■ WHAT TO WORK ON:
Find the line with "une paire de" in the entries below, then output every line from it down to the line with "set of three", exactly and with no pictures.

■ RECORD EXCERPTS:
=== Section Start ===

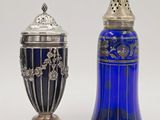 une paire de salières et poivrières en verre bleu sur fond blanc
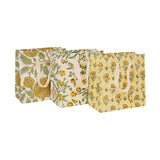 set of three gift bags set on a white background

=== Section End ===
=== Section Start ===

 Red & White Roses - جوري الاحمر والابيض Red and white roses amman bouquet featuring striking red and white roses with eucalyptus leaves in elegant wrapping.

=== Section End ===

■ TASK OUTPUT:
 une paire de salières et poivrières en verre bleu sur fond blanc
 set of three gift bags set on a white background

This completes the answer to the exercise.